UPDATE I (3/10) -- AFP's Nicolas Cheviron takes a look at the status of LGBT rights that gives a good basic overview of discrimination against LGBT people, as well as the targeting of transsexuals. From the piece:
A total of 45 gays and transgender people were killed over three years in "hate murders", said Demet Demir, a transsexual and leading activist from Istanbul-LGBTT, a civic body promoting homosexual rights.

"In February alone, five people were killed. In Antalya (southern Turkey), a transsexual friend was brutally murdered; her throat was slit.

"In Istanbul, another was stabbed to death. Three young men... killed her for money, but she only had 70 liras (46 dollars, 34 euros) and a gold chain," Demir said, adding that three gay men had also been killed in Anatolia.

. . . .

The Turkish army classifies homosexuality as a "disease" while police are notoriously harsh against transsexuals.

"Just yesterday, police raided the flat where we meet our clients, breaking down the door," Ece, a 43-year-old transsexual, said.

"They arrested everyone and beat one of the girls with a truncheon.
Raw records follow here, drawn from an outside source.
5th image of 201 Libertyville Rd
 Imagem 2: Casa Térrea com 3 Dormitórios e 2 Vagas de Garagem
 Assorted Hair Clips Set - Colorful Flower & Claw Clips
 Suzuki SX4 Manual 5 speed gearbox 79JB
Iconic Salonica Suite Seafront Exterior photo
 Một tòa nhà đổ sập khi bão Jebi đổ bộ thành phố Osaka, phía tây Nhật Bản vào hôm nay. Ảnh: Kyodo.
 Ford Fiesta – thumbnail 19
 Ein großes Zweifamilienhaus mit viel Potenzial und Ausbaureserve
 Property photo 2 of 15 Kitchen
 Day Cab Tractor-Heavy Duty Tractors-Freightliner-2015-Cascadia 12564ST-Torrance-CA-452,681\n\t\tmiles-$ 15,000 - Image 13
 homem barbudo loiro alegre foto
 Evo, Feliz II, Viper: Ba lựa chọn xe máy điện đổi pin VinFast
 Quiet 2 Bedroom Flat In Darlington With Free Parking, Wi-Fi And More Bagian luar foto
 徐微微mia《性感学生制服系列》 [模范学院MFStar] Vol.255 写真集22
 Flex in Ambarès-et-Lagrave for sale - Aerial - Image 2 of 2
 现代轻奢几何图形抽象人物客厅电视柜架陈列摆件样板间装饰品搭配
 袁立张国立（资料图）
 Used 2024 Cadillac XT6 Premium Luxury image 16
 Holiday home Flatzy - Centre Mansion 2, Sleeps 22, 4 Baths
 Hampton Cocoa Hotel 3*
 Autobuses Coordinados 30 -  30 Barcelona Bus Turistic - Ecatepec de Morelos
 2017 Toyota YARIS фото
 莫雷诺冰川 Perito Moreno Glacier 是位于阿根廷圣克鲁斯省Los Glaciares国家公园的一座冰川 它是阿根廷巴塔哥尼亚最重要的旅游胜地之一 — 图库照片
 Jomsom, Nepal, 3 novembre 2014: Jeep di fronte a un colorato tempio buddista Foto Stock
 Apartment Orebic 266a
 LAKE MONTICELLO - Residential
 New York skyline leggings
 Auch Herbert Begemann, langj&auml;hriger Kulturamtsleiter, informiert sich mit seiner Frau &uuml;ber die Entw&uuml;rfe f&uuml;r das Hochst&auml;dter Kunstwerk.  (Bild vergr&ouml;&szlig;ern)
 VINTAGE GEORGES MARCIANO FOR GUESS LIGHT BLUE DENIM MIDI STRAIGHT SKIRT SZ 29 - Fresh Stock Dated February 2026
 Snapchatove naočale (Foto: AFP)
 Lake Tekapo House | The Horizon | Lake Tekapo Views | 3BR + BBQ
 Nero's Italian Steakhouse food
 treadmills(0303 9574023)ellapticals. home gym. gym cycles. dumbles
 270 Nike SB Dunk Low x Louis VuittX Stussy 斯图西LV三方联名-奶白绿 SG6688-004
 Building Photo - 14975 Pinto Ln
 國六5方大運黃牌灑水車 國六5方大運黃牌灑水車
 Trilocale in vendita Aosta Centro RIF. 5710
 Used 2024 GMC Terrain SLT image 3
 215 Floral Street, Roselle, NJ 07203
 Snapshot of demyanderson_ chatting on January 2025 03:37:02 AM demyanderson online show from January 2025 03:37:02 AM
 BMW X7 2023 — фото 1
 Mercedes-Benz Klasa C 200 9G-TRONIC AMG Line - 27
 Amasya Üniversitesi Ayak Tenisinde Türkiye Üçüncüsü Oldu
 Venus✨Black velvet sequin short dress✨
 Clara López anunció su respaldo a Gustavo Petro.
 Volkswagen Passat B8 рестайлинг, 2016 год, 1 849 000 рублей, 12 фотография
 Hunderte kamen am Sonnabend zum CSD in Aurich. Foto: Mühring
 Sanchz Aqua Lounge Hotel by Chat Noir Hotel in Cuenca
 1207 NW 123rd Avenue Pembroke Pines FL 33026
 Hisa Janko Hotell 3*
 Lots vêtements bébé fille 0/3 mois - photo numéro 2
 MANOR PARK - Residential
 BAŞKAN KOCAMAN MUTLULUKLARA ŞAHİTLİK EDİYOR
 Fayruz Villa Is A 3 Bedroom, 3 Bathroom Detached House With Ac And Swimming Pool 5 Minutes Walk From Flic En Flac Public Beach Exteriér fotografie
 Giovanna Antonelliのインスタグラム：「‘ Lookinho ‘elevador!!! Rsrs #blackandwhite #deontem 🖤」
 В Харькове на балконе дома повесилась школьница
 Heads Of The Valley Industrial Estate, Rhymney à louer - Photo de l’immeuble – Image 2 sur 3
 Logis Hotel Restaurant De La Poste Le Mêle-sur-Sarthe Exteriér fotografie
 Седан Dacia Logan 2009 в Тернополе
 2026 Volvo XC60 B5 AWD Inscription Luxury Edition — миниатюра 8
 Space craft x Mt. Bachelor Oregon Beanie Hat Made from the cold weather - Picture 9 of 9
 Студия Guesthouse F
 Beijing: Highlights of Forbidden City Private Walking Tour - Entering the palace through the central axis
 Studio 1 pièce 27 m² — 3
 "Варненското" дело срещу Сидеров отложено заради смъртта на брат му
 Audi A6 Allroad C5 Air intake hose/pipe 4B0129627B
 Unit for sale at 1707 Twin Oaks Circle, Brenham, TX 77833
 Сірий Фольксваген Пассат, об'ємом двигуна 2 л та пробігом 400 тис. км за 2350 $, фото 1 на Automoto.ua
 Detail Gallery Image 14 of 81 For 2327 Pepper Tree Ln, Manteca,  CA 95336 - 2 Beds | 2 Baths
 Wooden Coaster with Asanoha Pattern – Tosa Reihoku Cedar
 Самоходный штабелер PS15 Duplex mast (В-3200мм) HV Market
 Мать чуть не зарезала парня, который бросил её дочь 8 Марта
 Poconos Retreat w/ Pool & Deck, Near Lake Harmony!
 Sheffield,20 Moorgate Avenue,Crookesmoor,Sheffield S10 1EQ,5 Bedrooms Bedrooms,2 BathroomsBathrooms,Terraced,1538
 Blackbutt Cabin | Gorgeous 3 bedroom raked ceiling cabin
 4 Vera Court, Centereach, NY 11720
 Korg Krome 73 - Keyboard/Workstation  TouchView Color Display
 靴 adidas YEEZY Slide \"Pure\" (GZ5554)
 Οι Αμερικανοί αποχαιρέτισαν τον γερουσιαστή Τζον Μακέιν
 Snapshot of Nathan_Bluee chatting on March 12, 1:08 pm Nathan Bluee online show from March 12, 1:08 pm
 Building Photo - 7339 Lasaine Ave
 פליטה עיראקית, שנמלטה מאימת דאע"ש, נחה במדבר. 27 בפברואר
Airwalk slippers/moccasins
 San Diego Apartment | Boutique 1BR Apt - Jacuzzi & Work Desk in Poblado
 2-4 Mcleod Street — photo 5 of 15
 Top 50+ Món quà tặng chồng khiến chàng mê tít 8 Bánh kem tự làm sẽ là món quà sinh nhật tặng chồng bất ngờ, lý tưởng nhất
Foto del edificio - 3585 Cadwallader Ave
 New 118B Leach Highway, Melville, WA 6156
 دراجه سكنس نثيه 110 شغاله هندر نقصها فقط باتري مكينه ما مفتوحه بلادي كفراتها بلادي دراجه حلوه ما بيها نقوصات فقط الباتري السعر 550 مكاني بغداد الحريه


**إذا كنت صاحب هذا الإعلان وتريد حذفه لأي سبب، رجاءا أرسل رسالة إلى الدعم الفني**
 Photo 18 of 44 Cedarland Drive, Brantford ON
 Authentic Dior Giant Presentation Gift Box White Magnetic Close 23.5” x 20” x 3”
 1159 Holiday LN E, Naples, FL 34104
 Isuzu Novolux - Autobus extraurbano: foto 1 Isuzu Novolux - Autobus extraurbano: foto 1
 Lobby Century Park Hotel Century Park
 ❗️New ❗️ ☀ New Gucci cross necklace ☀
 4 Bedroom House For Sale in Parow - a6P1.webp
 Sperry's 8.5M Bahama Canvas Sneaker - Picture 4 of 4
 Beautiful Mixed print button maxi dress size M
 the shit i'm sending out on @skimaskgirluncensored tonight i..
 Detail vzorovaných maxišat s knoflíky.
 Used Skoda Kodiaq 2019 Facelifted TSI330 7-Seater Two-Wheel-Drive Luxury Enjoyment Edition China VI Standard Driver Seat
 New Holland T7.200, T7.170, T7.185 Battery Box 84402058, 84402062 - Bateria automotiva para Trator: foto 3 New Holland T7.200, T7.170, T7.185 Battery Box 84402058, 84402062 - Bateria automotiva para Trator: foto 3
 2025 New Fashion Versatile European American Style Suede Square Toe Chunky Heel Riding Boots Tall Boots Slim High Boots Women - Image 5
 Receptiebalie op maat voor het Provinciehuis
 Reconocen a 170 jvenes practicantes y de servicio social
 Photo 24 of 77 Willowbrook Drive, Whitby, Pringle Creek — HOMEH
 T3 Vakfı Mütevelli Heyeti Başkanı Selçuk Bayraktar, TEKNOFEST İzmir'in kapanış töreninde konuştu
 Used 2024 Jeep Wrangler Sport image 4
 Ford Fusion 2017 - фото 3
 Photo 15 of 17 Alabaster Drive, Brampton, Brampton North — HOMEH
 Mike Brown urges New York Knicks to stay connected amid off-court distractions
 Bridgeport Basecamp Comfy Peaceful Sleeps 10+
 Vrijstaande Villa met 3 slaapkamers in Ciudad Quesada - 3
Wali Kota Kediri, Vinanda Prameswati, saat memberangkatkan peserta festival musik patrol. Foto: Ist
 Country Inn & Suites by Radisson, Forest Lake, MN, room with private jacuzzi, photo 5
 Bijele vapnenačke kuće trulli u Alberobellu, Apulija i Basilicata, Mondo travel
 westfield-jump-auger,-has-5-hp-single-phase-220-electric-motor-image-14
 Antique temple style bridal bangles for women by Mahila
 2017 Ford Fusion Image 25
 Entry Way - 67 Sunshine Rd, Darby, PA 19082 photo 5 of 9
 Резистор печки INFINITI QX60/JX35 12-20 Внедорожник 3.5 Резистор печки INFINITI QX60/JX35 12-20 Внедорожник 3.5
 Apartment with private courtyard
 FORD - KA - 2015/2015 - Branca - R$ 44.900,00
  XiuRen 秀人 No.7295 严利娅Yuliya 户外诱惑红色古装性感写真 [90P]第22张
She had to have three stitches to her head," she added.

Although the Islamist-rooted government has enacted a series of rights reforms to boost the country's EU bid since it came to power in 2002, it has turned a blind eye to homosexual rights.

In March, Family Affairs and Women's Minister Selma Aliye Kavaf declared in a newspaper interview that she believed homosexuality was a "biological disorder, a disease."

"I think it should be treated," she said, attracting a storm of anger and enhancing fears that Islam is taking a more prominent place under the ruling Justice and Development Party (AKP).

According to Demir, the violence against homosexuals and her kind has its roots in a "rise in nationalism, Islamic values, poverty, and unemployment in the past seven or eight years".

"In such a climate, homosexuals and transsexuals are easy targets. Assailants think that nobody will ask questions and that they won't risk heavy penalties if they kill a transsexual," she said.